• [Work instruction] Find the line containing "Faker与s1mple电竞传奇巅峰对话：谁才是电竞历史最强王者" in the entries; transcribe it and all remaining lines through the end, exactly as they appear, but not the pictures.

Stored items from a collection:
----

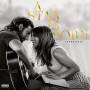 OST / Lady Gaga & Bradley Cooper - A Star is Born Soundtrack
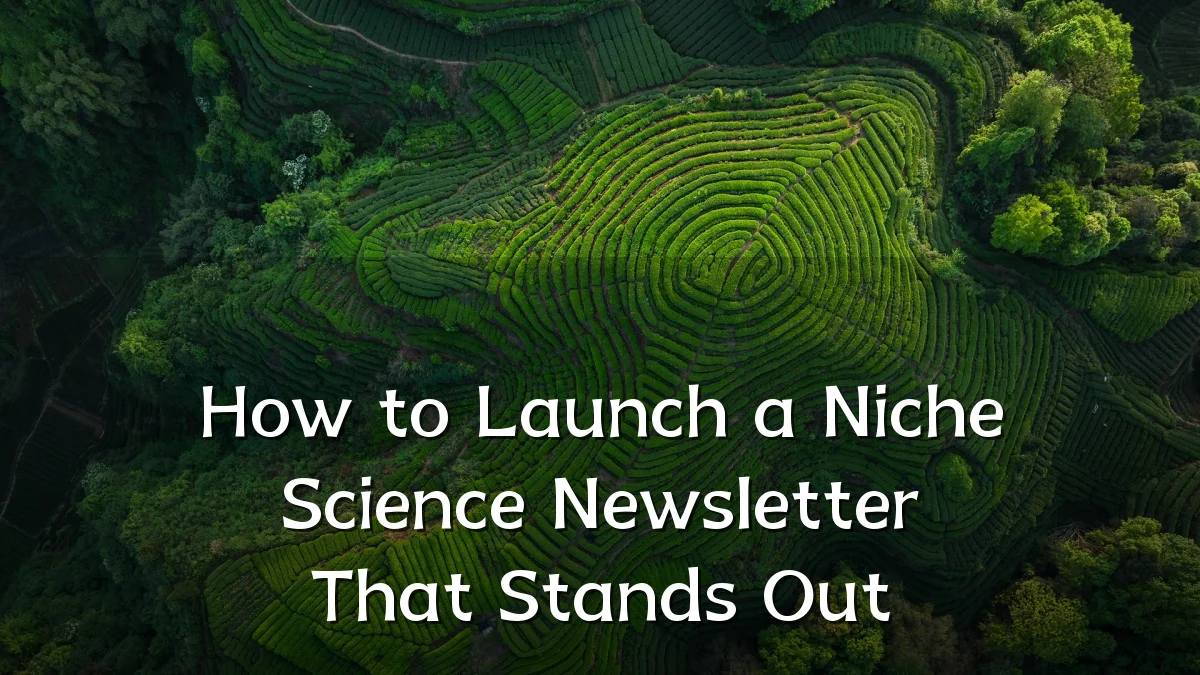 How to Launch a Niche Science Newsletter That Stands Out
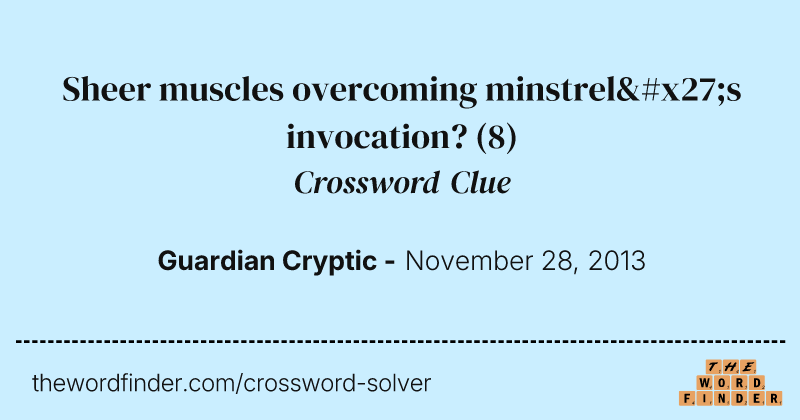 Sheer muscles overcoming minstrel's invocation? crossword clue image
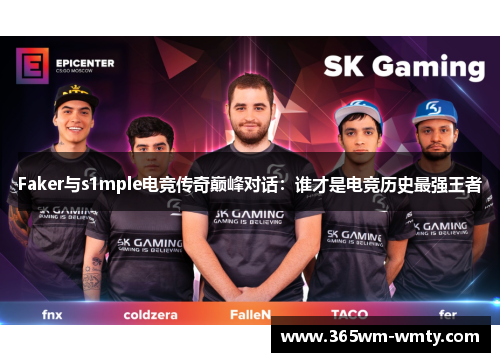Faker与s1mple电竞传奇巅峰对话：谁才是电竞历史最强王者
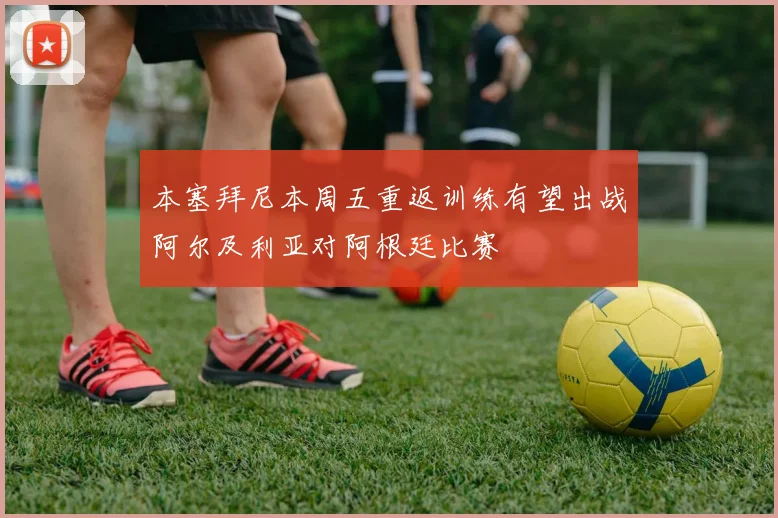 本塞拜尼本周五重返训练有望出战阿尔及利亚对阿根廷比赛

----

• [Answer area]
Faker与s1mple电竞传奇巅峰对话：谁才是电竞历史最强王者
 本塞拜尼本周五重返训练有望出战阿尔及利亚对阿根廷比赛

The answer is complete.